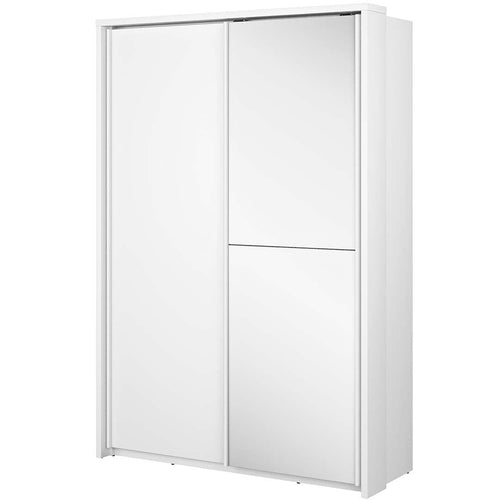 Lenart Dulap din pal, cu 2 usi glisante si oglinda Arti 21 Alb Mat, l160xA57xH218 cm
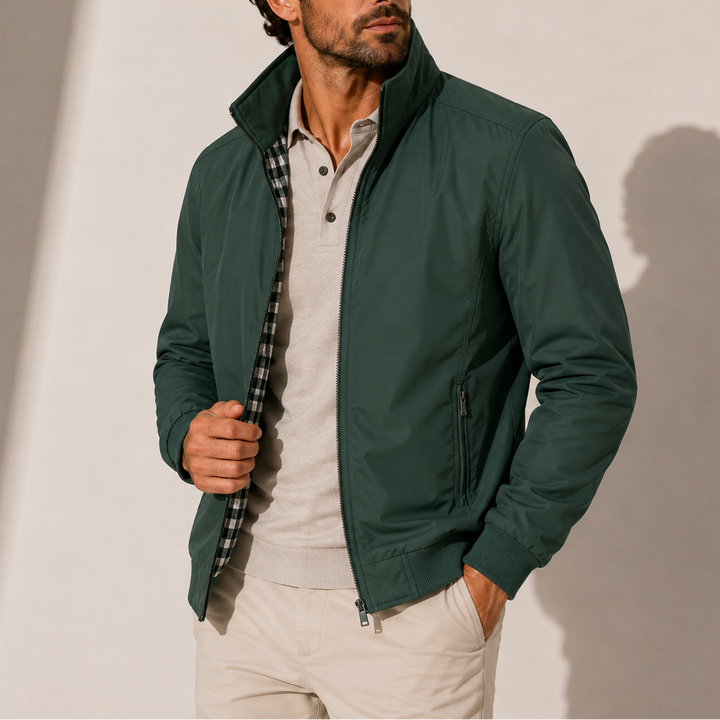 Men's Harrington Jacket with Zip Front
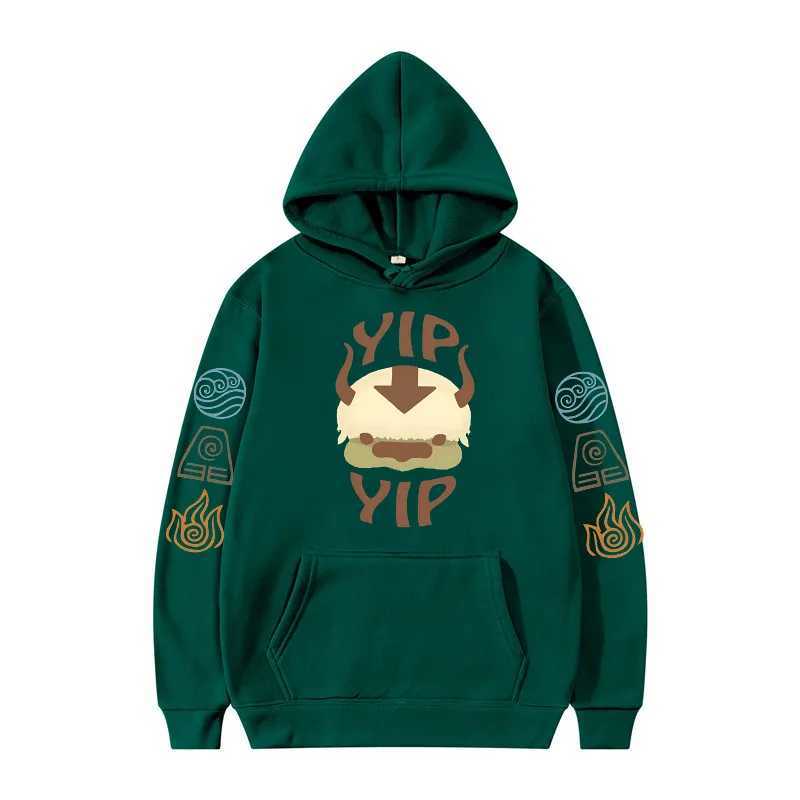 Avatar The Last Airbender Hoodie for Men and Womens Couple Letter from Apa Ip Printed Anime Sportswear Flip TopW240724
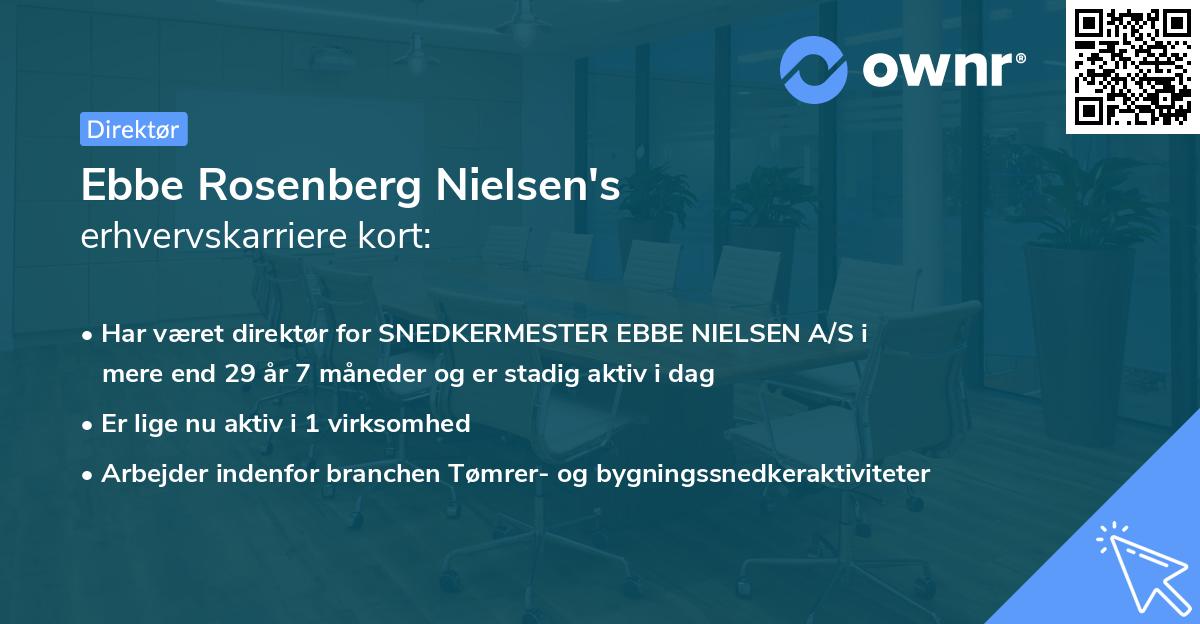 Ebbe Rosenberg Nielsen's erhvervskarriere kort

[Task goal]
Exact copies of the lines from the one containing "Avatar The Last" through the final line of the data are required; pictures are to be omitted.

[Exercise output]
 Avatar The Last Airbender Hoodie for Men and Womens Couple Letter from Apa Ip Printed Anime Sportswear Flip TopW240724
 Ebbe Rosenberg Nielsen's erhvervskarriere kort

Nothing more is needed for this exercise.